To improve the resilience of the model to experimental modifications, we analyzed the effect of including modified examples in the training data. For example, to improve the performance of our model against baseline noise on the triclinic system, we trained a 1D-CNN with data that had variable baseline noise. We focus only on improving the performance against multiple phases, baseline noise and peak broadening, since random intensity modulation and zero shifting have little impact on predictive performance (Table 3[link]).
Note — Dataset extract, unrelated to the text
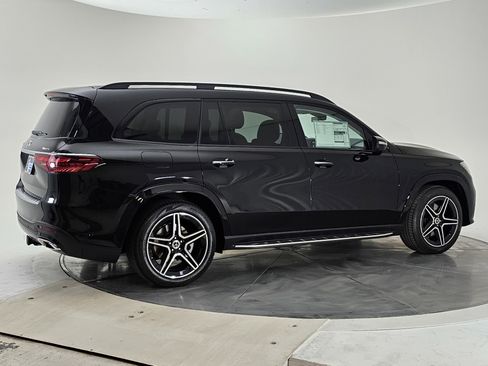New 2026 Mercedes-Benz GLS 450 4MATIC image 3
For each type of modification, we consider four tests which constitute all possible choices of training and testing on unmodified (NM) and modified (M) data. The results are shown graphically in Fig. 3[link] for the cubic and triclinic crystal systems. More complete information for all crystal systems is presented in Tables 4[link] and 5[link].

Table 4
MAPE for 1D-CNNs trained and tested on modified data

Incorporating modifications into the training set reduces the MAPE for baseline noise, broadening and multiphase impurities. Null refers to predictions based on the mean lattice parameters of the data set. Perfect refers to training and testing on unmodified data and is intended as a control.
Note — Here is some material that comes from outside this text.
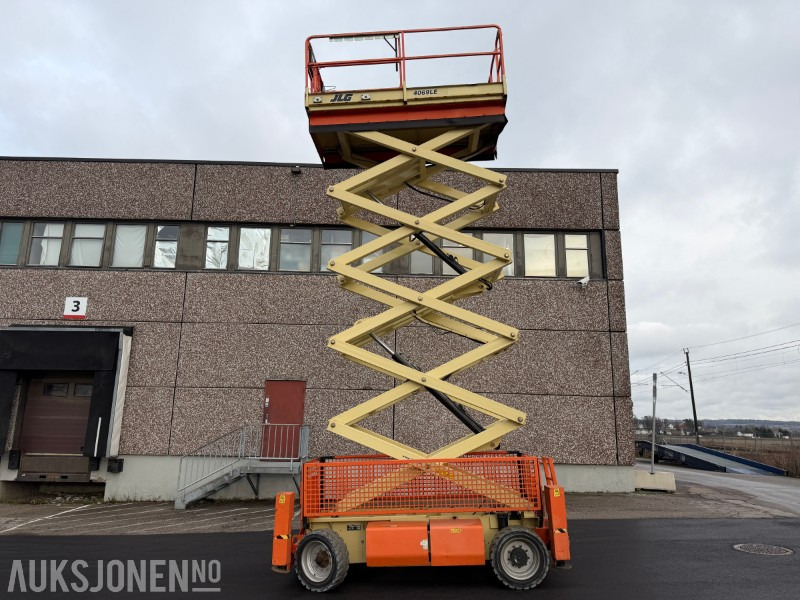 2014 JLG 4069LE - elektrisk sakselift med arbeidshøyde på 14m - Nacelle: photos 1 2014 JLG 4069LE - elektrisk sakselift med arbeidshøyde på 14m - Nacelle: photos 1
Symmetry Null Perfect Broaden Baseline Impurities
Cubic 51.49 7.55 3.4 5.2 9.4
Hexagonal 47.37 7.35 8.0 10.2 13.6
Trigonal 46.58 15.72 15.8 16.9 22.9
Tetragonal 48.77 11.56 12.6 15.6 18.2
Orthorhombic 29.94 10.06 10.3 11.5 17.46
Monoclinic 24.76 11.79 12.4 12.3 16.02
Triclinic 20.06 3.11 3.7 4.6 10.48

Table 5
MAPE for 1D-CNNs trained on modified data and tested on unmodified data

Prediction is generally worse relative to the perfect condition. However, some classical ML augmentation improvements are apparent for the broadening condition. Null refers to predictions based on the mean lattice parameters of the data set. Perfect refers to training and testing on unmodified data and is intended as a control.
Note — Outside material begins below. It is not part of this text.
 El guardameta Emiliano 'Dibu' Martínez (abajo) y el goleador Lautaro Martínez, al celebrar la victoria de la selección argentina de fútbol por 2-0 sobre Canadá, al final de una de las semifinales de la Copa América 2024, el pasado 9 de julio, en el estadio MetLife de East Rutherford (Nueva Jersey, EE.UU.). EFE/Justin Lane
Symmetry Null Perfect Broaden Baseline Impurities
Cubic 51.49 7.55 3.1 4.4 9.9
Hexagonal 47.37 7.35 8.5 10.0 13.5
Trigonal 46.58 15.72 16.7 15.5 20.0
Tetragonal 48.77 11.56 13.0 16.5 17.5
Orthorhombic 29.94 10.06 9.5 10.3 15.71
Monoclinic 24.76 11.79 12.6 11.6 13.5
Triclinic 20.06 3.11 3.1 3.8 7.5
[Figure 3]
Figure 3
The impact of (a), (b) broadening, (c), (d) baseline noise and (e), (f) multiple impurity phases on ML predictions for unit-cell lengths for (left-hand column) cubic and (right-hand column) triclinic crystal systems. NM refers to a pattern with no modifications and M refers to a pattern with the corresponding experimental modification. The notation A/B indicates training with modification A (NM or M) and testing with modification B (NM or M). The null column is a prediction based on the mean lattice parameters of the data set. The performance of ML models is greatly improved when training and testing with modifications (M/M) relative to training on unmodified data and testing on modified data (NM/M).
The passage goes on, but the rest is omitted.